Summary
This paper documents the community-engaged development of the STRIDE (Strengthening Translational Research in Diverse Enrollment) intervention, which addresses multifactorial barriers to research participation among Black and Latinx populations. The intervention integrates three components targeting the informed consent process: culturally competent staff training, improved health-literacy eConsent materials, and participant testimonial videos. The authors indicate that effectiveness evaluation is ongoing, with this paper presenting the intervention design and development methodology rather than efficacy results.
UK applicability
Whilst the intervention addresses barriers specific to the United States healthcare and research context, the underlying principles of community-engaged intervention development and culturally sensitive research practices are applicable to UK efforts to increase research participation among underrepresented ethnic minority groups.

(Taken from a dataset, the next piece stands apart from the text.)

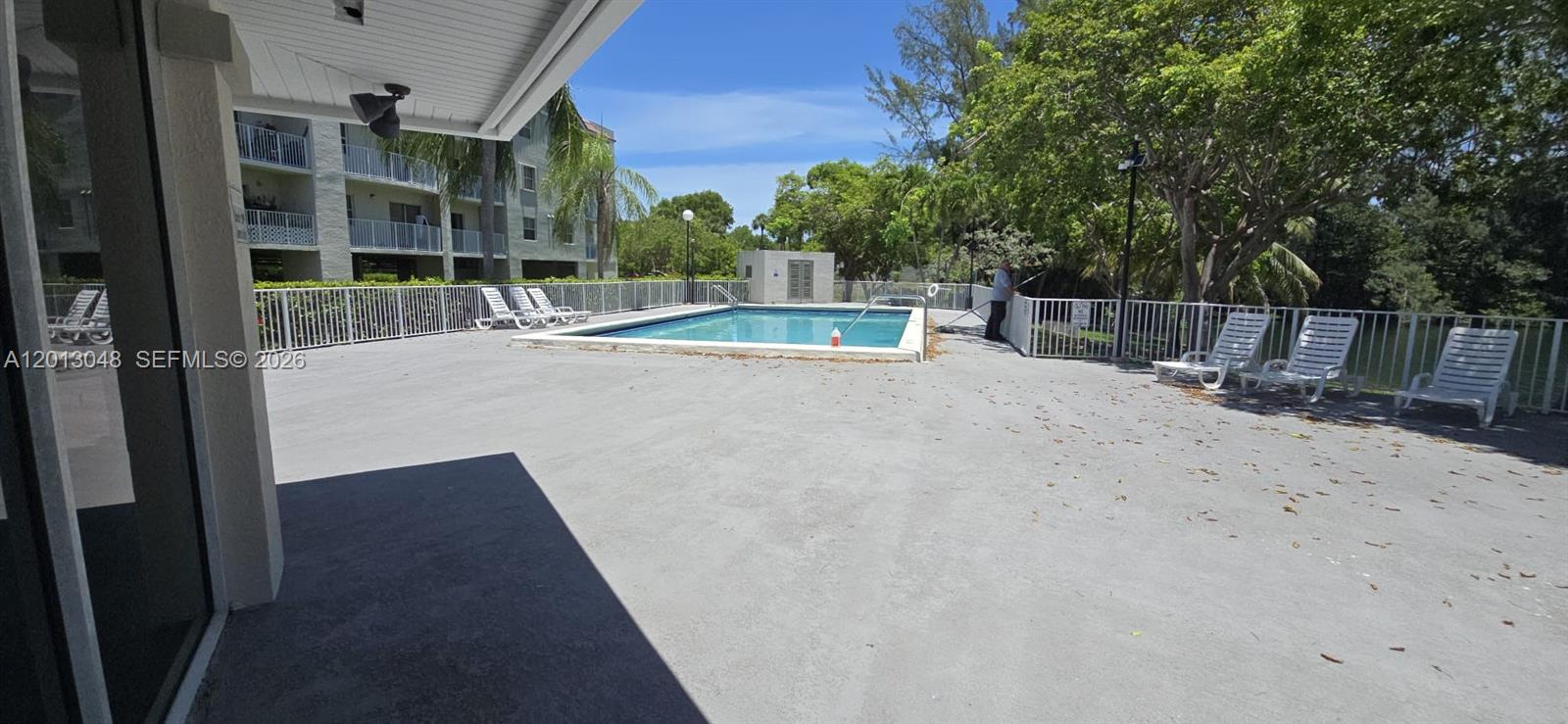 SAGA BAY GARDENS CONDO - Residential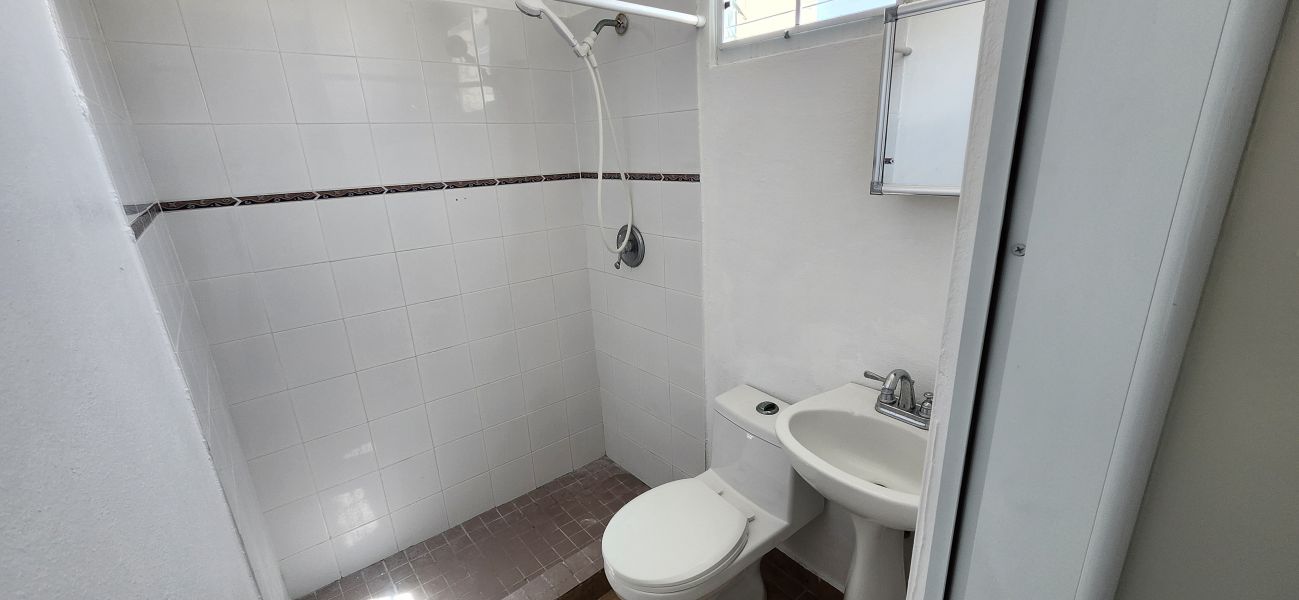 2900 Carr 686 #708 Cond Atlantic View Court Vega Baja 00693 PR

However, the specific barriers and institutional structures differ between health systems.
Key measures
Intervention components and development process (simulation training programme, eConsent framework design, storytelling video vignettes); community feedback mechanisms; no effectiveness outcomes reported in this development paper
Outcomes reported
The study describes the development and components of the STRIDE intervention, a multi-component programme designed to increase research participation among underrepresented racial and ethnic groups during the informed consent process. The intervention comprises three elements: simulation-based training for research staff, an electronic consent framework, and video-based storytelling from prior research participants.